Yerel yönetimler piyasa ve devlet cephesindeki yapısal dönüşümlerin yanında bir de toplumsal talepleri, kentsel mücadeleleri dikkate alarak politika üretmek durumunda. Bunu yaparken sınıfsal, sosyal ve mekânsal fay hatlarının üstesinden gelmek, bir arada yaşamanın koşullarını inşa etmek zorunda. Bugün bir kenti yönetmek basitçe altyapı inşa etmekten, ulaşım ağını güçlendirmekten ya da yeşil alan düzenlemekten ibaret değil. Kent yönetimi barınmadan eğitime, enerji yönetiminden temiz suya kadar çeşitli alanlarda politika üretmeli, bunları yaparken de mekânın yanı sıra bu mekandaki sosyal ilişkileri de dikkat almalı. Ancak bu süreci zorlaştıran en önemli unsur kentin içerdiği çatışmalar, mücadeleler ve bunların yönetim tarafından nasıl karşılanacağı sorunu.
Yerel yönetimler, neoliberal ekonominin baskısıyla ulus-devletin krizinden kaynaklanan dinamiklere cevap verecek biçimde konumlanmak durumunda.
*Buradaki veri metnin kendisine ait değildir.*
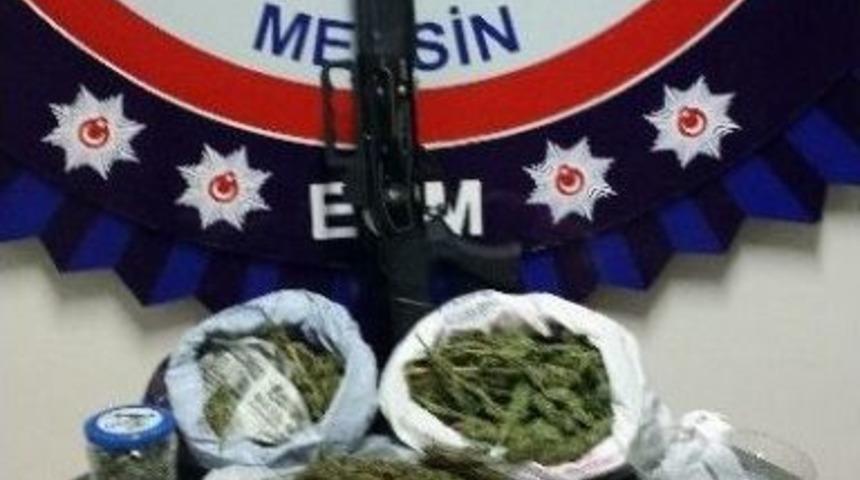 Mersin’de Uyuşturucu Ve Kaçak İçki Operasyonu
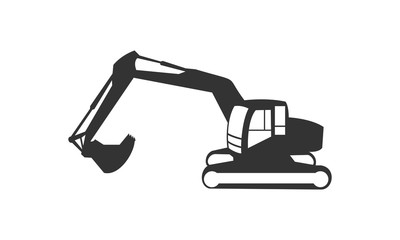 Back hoe simple modern vector logo design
Bu iki dinamikten birincisi yerel yönetimleri daha piyasacı, girişimci ve sermayeye uygun koşullar yaratacak politikalara yöneltiyor, böylece küresel sermaye akışlarıyla beslenecek kent dokusu altyapısı için gerekli kaynağa ulaşacak, üstyapısı da buna uygun olarak küresel kültürel trendleri yakalamış olacak; kısaca bir dünya kenti imajı dünya ekonomisiyle bütünleşerek mümkün olacak. Ancak diğer taraftan, ulus-devletin özellikle sosyal politika ve demokratik haklar bağlamındaki gerilemesi yerel yönetimleri daha sosyal demokrat bir çizgide yer almaya yönlendiriyor; kent yurttaşlığı, sosyal hizmetler ve sosyal güvenlik ağlarını besleyen uygulamalar, katılımcı yönetim anlayışı ve demokrasiye yapılan vurgu, yaşam tarzı siyasetiyle sıkı bağ kurulması da yerel yönetimlerin ulus-devletin açıklarını kapamaya yönelik adımlar. Ama kent yönetiminin en büyük paradoksu da bu oluyor: Ya piyasacı bir anlayışı bir varoluş nedeni olarak benimseyecek ve kitlesel talepleri ikinci sıraya atacak, ya da seçmenin taleplerini dikkate alacak ve daha adil, katılımcı ve demokratik bir yönetim anlayışını hayata geçirecek.
Kent yönetiminin politika yapımından da önce üzerinde durması gereken soru, “Bir arada yaşamanın kuralları ne olmalı?” sorusu. Sınıfsal ve mekânsal fay hatlarını aşarak, farklı kimliklere yaşam alanı tanıyarak, “kent hakkı” olgusunu tüm kent sakinleri için öncelik sırasına koymadan, bir hiyerarşiye sokmadan sağlamak nasıl mümkün olabilir? Yalnızca öne çıkan mahallelerin değil, tüm şehrin kaldırımlarını temiz tutmak, yalnızca sahil şeridindeki refüjleri değil, yoksul mahallelerinin parklarını da çiçeklendirmek, ya da kentin çeperindekileri yalnızca bayramlarda ve zor zamanlarda yardım yapmak için değil, aynı zamanda kentle ilgili kararlar alınırken de hatırlamak önemli. Daha demokratik bir kent yönetimi, kentte yaşayanların tamamına yalnızca eşit oy hakkı vererek değil, aynı zamanda eşit söz hakkı vererek mümkün olacak.